Summary: During a confrontation with law enforcement, Morgan aimed a firearm at police officers, “racked” its slide, and pulled the trigger. The weapon did not discharge and when officers eventually recovered it, it was unloaded. Defendant was convicted of resisting an officer by “the use of force or violence” under Penal Code section 69, subdivision (a).  On appeal of his conviction, he argues  that assault (§ 240) is a lesser included offense of resisting an officer by force or violence. Because there was no evidence the weapon was loaded, he could not be convicted of assault and therefore could not be convicted of resisting an officer under section 69, subdivision (a) (section 69(a)).

The California Supremd Court concluded that assault is not a lesser included offense of resisting an officer by force or violence.

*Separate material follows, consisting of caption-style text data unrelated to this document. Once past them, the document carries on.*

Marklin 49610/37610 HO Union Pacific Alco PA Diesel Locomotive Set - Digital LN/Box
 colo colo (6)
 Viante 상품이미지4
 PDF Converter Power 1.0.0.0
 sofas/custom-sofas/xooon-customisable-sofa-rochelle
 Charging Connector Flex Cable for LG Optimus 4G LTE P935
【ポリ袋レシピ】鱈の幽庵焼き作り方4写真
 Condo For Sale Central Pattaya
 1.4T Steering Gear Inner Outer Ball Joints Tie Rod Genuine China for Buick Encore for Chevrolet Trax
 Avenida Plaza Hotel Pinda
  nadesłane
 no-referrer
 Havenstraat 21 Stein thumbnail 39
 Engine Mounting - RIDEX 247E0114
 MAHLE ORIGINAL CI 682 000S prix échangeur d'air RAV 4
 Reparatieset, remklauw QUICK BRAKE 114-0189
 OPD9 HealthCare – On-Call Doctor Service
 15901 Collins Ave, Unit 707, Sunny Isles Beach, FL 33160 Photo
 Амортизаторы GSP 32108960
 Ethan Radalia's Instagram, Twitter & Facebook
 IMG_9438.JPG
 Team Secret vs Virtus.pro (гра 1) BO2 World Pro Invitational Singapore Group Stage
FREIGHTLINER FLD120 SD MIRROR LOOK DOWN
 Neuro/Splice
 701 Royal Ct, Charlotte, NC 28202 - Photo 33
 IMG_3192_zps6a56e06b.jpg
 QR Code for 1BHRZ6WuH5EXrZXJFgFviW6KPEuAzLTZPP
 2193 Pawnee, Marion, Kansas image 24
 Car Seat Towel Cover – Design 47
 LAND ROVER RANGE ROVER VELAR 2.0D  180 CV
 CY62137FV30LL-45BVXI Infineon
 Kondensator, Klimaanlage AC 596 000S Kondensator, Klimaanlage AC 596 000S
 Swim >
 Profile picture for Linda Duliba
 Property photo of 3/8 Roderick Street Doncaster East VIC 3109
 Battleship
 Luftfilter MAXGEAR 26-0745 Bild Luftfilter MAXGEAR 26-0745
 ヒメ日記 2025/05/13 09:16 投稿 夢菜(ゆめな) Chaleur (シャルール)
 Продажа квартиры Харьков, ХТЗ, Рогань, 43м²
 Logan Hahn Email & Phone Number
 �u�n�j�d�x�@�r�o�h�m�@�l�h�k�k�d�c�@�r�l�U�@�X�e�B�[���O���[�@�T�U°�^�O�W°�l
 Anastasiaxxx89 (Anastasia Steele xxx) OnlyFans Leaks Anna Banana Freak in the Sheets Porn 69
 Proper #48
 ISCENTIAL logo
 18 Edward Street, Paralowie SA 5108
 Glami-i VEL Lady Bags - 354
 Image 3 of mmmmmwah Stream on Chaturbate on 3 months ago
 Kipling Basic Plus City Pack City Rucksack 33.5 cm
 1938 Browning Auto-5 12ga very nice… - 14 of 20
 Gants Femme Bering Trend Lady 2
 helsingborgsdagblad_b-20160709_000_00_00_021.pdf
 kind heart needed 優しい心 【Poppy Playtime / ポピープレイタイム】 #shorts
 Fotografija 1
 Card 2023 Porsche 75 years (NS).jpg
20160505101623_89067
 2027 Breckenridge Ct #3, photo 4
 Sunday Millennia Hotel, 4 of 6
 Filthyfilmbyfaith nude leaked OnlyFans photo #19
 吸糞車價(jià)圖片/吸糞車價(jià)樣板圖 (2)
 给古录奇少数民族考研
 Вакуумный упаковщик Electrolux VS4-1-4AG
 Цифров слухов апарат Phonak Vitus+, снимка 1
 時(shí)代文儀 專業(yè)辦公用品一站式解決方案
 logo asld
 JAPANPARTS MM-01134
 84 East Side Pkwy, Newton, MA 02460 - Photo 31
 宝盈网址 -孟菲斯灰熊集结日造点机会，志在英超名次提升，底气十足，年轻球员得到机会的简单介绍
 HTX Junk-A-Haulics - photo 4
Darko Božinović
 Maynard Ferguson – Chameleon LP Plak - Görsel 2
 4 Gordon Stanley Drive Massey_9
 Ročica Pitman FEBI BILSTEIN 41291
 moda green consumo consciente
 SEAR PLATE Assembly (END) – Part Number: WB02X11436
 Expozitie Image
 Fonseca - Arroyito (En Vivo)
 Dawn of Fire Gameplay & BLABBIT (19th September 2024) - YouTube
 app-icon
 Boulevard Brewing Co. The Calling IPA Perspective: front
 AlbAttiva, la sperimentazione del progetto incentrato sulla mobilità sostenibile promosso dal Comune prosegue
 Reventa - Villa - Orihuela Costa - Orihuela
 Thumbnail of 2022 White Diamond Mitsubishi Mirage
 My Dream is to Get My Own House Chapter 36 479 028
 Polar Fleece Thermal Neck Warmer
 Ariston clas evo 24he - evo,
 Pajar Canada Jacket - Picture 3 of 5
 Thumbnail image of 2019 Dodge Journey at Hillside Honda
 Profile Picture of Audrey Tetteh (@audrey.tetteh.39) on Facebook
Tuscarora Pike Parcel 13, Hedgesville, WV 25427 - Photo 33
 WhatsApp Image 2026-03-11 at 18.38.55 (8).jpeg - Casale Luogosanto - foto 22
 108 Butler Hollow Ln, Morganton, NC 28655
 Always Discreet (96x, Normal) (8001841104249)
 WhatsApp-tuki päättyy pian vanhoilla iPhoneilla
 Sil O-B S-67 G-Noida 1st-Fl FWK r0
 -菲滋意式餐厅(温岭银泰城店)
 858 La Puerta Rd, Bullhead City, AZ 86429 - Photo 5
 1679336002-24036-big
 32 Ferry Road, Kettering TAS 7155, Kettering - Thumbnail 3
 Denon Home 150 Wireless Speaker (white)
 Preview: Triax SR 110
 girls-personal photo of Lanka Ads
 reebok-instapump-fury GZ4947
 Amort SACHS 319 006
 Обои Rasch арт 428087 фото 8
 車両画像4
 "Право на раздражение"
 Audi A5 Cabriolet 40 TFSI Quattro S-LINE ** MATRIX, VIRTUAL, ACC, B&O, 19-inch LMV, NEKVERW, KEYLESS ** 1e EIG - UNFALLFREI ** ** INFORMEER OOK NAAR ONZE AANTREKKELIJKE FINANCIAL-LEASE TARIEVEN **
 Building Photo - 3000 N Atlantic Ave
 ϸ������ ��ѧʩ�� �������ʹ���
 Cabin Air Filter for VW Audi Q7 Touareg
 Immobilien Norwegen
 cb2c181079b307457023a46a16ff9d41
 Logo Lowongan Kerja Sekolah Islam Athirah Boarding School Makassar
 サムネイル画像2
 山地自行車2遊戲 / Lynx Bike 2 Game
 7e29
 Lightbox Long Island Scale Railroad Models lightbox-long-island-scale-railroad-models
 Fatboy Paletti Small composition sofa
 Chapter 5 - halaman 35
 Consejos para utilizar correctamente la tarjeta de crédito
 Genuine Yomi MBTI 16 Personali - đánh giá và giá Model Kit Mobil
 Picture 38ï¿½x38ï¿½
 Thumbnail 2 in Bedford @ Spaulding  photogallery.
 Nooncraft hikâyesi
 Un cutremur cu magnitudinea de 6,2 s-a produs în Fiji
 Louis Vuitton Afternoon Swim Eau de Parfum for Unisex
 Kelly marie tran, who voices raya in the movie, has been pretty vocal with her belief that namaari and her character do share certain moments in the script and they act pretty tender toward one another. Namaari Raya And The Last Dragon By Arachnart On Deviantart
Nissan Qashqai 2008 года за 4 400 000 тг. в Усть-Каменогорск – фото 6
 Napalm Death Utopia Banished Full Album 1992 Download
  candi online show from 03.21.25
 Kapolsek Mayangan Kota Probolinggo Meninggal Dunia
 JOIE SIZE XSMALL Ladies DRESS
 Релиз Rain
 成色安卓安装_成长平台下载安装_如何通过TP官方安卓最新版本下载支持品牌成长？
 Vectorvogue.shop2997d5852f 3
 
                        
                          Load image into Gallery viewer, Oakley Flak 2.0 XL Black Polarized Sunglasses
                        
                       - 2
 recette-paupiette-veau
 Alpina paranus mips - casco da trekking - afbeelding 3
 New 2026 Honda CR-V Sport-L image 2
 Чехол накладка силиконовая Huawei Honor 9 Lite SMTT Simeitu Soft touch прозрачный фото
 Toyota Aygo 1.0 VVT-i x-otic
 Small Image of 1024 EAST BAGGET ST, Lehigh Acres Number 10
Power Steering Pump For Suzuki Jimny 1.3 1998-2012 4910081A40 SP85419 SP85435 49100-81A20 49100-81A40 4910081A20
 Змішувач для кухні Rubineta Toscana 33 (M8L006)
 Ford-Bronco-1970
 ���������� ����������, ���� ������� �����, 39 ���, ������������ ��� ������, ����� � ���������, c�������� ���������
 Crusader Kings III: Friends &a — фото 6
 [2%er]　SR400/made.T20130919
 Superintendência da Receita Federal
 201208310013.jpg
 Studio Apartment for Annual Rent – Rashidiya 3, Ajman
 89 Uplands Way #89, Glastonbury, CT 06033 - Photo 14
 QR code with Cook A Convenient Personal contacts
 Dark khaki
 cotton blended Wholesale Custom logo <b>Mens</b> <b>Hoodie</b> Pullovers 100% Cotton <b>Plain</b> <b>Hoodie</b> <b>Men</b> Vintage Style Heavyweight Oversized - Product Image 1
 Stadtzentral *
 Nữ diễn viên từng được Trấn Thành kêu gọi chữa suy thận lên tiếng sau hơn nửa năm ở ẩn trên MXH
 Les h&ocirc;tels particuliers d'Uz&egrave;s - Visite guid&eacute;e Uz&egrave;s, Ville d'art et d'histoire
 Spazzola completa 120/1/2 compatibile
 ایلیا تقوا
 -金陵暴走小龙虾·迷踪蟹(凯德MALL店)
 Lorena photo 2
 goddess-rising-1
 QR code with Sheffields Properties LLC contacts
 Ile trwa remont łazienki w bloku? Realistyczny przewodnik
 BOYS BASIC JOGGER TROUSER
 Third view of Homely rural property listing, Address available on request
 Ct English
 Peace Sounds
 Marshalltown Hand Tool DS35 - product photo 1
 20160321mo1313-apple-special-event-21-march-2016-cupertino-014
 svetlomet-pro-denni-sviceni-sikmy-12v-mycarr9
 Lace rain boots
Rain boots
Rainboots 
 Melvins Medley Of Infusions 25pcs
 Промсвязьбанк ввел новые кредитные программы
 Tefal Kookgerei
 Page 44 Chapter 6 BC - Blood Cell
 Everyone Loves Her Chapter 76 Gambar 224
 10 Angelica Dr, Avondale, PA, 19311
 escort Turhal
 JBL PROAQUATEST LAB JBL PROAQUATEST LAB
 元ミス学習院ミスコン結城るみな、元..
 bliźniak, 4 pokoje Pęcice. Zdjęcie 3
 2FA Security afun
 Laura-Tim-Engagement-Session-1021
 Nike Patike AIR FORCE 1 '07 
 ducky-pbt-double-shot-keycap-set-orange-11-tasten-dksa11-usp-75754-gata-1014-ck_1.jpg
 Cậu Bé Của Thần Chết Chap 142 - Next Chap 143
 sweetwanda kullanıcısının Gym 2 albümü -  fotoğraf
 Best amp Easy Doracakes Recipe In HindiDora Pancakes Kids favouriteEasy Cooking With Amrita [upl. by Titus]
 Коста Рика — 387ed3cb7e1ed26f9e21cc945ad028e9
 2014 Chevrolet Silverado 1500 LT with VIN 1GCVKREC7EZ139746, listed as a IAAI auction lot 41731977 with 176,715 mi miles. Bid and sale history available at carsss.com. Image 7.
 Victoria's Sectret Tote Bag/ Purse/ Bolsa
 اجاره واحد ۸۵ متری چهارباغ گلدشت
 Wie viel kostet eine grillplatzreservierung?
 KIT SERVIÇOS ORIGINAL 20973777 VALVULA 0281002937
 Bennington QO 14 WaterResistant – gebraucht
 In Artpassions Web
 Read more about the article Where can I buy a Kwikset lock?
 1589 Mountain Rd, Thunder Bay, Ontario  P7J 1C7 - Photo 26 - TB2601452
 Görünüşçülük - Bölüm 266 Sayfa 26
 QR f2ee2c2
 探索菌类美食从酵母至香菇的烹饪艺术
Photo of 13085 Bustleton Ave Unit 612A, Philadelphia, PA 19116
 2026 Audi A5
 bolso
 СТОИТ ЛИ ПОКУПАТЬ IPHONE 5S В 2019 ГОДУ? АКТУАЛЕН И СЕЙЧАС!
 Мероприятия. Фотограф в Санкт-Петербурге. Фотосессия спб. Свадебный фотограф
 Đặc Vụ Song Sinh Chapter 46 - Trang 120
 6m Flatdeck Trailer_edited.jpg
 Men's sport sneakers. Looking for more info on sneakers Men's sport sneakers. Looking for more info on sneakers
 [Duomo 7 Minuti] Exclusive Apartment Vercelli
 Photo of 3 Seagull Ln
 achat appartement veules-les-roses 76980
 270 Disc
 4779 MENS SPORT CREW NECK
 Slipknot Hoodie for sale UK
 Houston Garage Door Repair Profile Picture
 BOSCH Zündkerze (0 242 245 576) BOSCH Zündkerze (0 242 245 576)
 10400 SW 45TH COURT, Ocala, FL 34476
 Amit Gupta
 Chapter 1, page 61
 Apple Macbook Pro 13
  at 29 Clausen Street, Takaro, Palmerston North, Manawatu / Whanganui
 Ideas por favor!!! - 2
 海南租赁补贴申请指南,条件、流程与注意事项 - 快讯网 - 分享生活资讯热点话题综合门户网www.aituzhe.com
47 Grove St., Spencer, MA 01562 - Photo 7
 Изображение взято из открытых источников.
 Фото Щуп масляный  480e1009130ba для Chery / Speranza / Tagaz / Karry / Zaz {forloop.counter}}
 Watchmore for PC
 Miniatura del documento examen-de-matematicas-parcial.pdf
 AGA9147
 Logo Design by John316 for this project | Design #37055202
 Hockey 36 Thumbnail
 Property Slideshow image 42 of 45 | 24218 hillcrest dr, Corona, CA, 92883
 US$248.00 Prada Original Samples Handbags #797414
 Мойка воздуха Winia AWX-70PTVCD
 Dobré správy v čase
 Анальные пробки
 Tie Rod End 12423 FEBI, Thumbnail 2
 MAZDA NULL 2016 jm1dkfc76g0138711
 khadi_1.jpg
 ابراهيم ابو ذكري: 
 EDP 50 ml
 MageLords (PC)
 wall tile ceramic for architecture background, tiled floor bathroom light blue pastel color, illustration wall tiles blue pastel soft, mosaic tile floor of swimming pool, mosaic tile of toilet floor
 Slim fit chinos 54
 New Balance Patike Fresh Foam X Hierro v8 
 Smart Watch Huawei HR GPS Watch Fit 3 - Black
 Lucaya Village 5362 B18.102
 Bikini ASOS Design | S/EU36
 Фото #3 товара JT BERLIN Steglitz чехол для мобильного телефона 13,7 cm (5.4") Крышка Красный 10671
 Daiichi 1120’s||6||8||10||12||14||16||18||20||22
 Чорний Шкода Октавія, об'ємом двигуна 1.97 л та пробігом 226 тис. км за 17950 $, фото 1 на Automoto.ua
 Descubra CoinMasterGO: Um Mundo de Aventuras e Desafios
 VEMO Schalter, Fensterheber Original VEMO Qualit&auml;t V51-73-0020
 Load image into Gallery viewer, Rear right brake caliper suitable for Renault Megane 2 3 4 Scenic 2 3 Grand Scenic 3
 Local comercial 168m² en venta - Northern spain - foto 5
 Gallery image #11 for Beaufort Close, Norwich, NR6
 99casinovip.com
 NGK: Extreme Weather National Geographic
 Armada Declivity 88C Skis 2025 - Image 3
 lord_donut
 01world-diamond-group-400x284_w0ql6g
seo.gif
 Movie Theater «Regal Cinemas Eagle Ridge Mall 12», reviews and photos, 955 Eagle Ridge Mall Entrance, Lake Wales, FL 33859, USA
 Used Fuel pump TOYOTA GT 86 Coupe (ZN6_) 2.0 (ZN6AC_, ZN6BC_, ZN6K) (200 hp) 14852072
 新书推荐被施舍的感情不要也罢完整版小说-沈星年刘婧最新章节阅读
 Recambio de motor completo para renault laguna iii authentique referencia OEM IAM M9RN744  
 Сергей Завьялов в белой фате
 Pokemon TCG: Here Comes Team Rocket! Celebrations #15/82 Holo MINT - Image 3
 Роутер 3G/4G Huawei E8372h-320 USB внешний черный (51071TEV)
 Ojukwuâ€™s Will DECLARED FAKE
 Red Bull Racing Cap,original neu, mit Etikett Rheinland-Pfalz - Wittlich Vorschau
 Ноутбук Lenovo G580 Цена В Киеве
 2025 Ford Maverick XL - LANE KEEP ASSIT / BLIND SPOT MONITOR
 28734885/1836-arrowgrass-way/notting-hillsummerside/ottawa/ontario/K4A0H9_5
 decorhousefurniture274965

Resisting  by force or violence does not require the “present ability” (§ 240) to commit a violent injury, an essential element of assault. s this interpretation.

People v. Flores (Cal. Ct. App., Feb. 11, 2026, No. A171602) 2026 WL 378414, at *1

Summary: Flores pleaded no contest to felony possession of fentanyl for sale and was sentenced to two years of formal probation with a condition permitting warrantless searches of Flores’s electronic devices. On appeal, Flores asked the court to strike or modify the electronics search clause as unconstitutionally overbroad and unreasonable. Because Flores used electronic devices to coordinate the sale and to obscure his identity during negotiations, the court affirmed  the electronics search clause in its entirety.

In its presentencing report, the probation department recommended “a five-way search clause to include all electronic devices, and supply passwords upon request due to [Flores] using his cell phone to negotiate the sale of illicit controlled substances.” The report  stated that at the time of the offense, Flores had been on formal probation in Merced for possession of a controlled substance for sale (Health & Saf. Code, § 11351), and that Flores admitted to using fentanyl and a prior gang affiliation.

People v. Zapata (Cal. Ct. App., Feb. 10, 2026, No. D084024) 2026 WL 366837, at *1

Summary: A “Perkins operation” is when an undercover operative is placed in a cell with the suspect to obtain information from the suspect. The term derives its name from Illinois v. Perkins (1990) 496 U.S. 292, 110 S.Ct. 2394, 110 L.Ed.2d 243 (Perkins).

During a Perkins operation, Zapata admitted to two undercover officers that he murdered Justin Triplett. A jury who heard a recording of Zapata’s confession convicted Zapata of second degree murder. On appeal, Zapata argues the trial court’s admission of his statements violated Miranda because he had invoked his right to an attorney, he did not waive that right when he spoke with the undercover agents, and the involvement of a known law enforcement officer transformed the operation into a custodial interrogation. The Court of Appeal agreed.